▶ DESCRIPTION OF THE TASK: Every entry should be returned unchanged, with the pictures omitted.

▶ TASK INPUT:
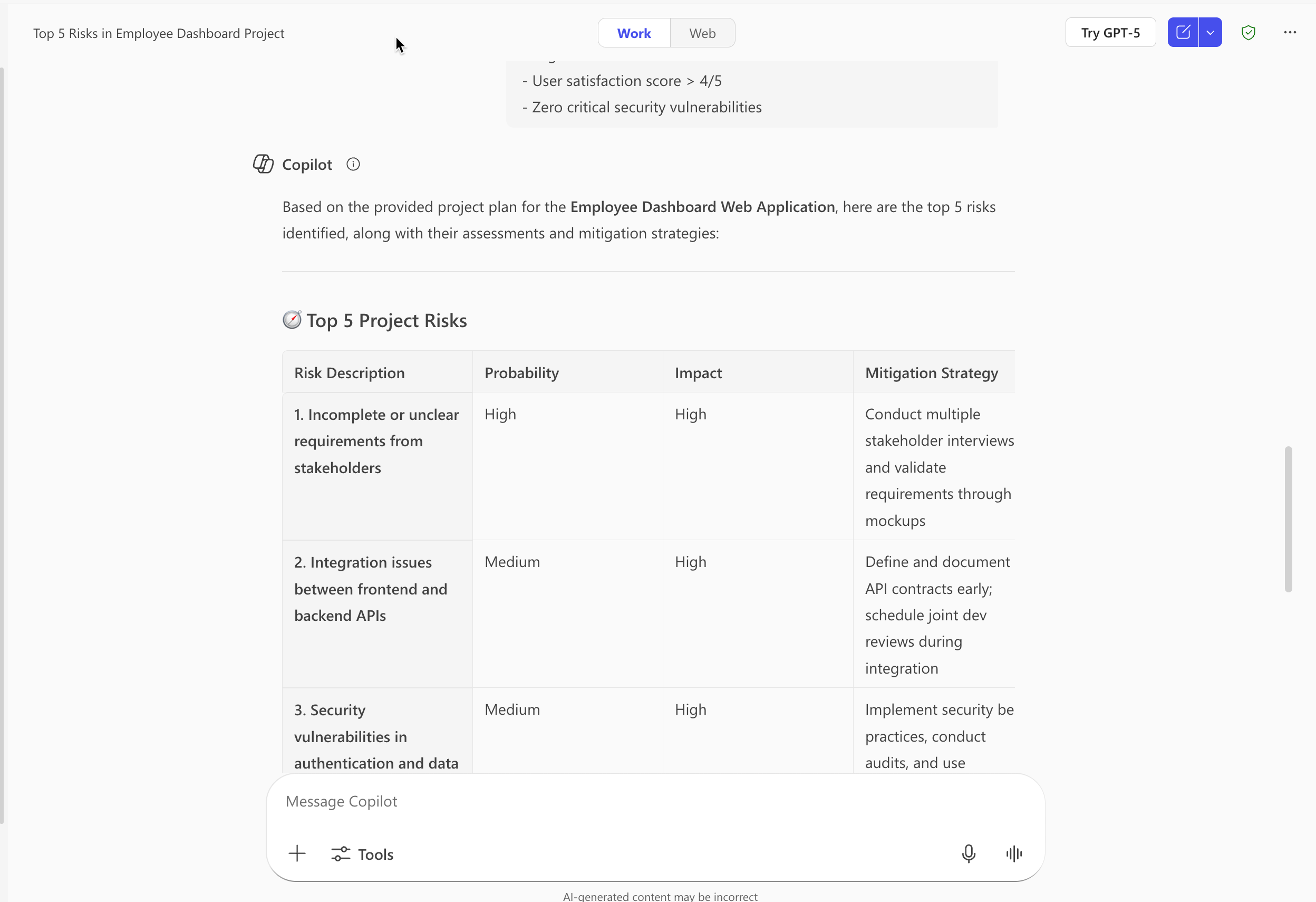 demo of prompt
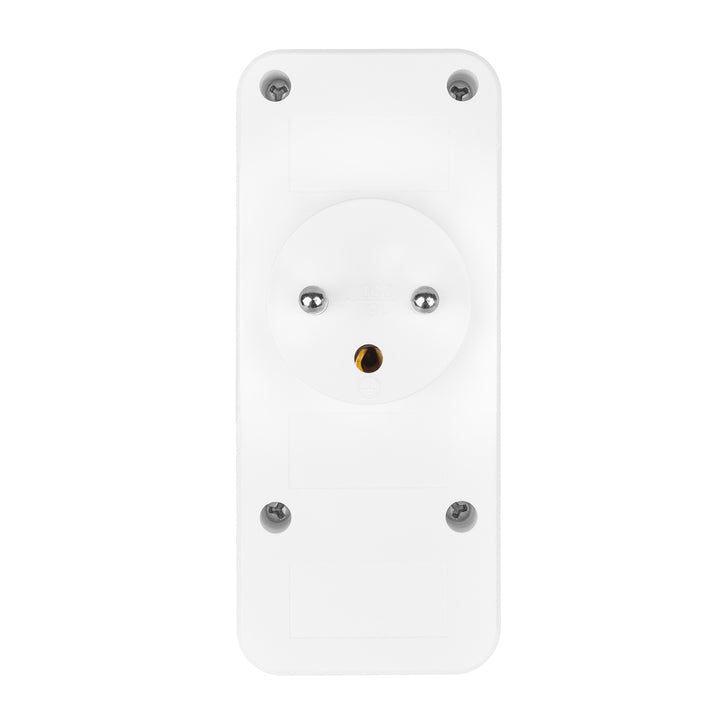 Current socket x3 + 4xUSB Maclean, splitter with 3 sockets, 2xUSB A, 2xUSB C PD 20W, 1x16A + 2x6A, MCE248 F/W, 2 pieces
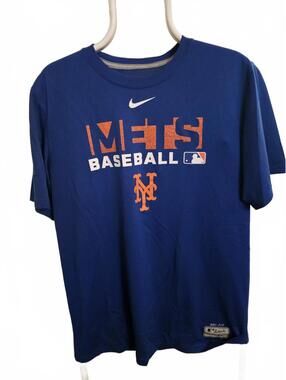 New York Mets - Nike Dry Fit T-shirt - Medium - Blue - EUC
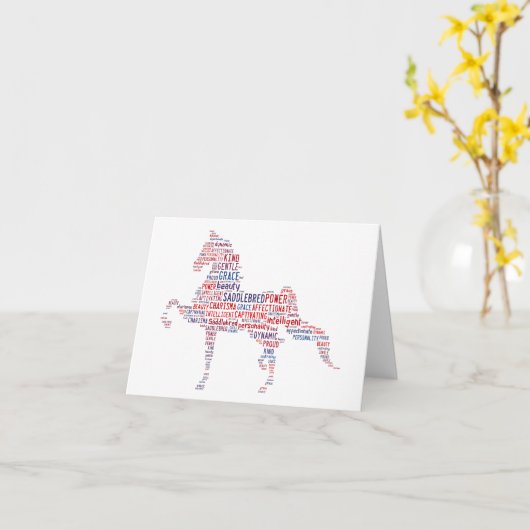American Saddlebed Note Card Karte (Gelbe Blume)
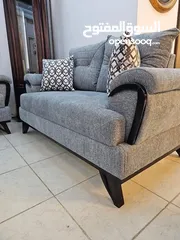 5 كورنر 10 مقاعد فاخر  التفاصيل:  خشب زان وسويد متين   اسفنج دانلوب عالي الجودة  ظهر متحرك لراح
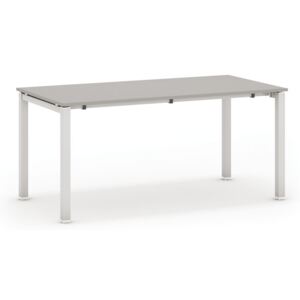 Jednací stůl AIR, deska 1600 x 600 mm, šedá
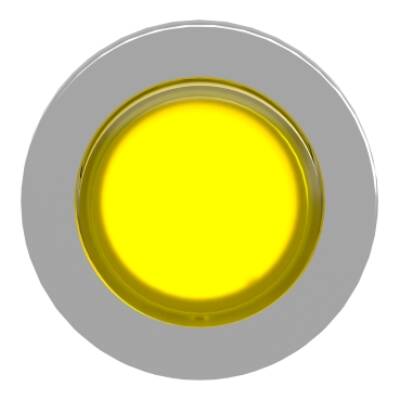 Head for illuminated push button, Harmony XB4, metal, blue projecting, 30mm, spring return, universal LED, unmarked - Schneider Electric - ZB4FW183
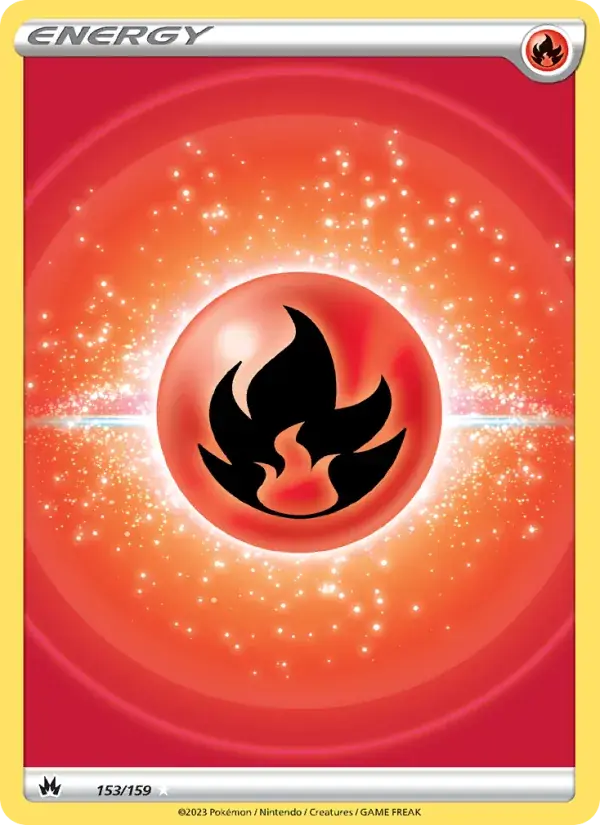 Fire Energy - 153/160 - Crown Zenith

▶ SOLUTION:
 demo of prompt
 Current socket x3 + 4xUSB Maclean, splitter with 3 sockets, 2xUSB A, 2xUSB C PD 20W, 1x16A + 2x6A, MCE248 F/W, 2 pieces
 New York Mets - Nike Dry Fit T-shirt - Medium - Blue - EUC
American Saddlebed Note Card Karte (Gelbe Blume)
 5 كورنر 10 مقاعد فاخر  التفاصيل:  خشب زان وسويد متين   اسفنج دانلوب عالي الجودة  ظهر متحرك لراح
 Jednací stůl AIR, deska 1600 x 600 mm, šedá
 Head for illuminated push button, Harmony XB4, metal, blue projecting, 30mm, spring return, universal LED, unmarked - Schneider Electric - ZB4FW183
 Fire Energy - 153/160 - Crown Zenith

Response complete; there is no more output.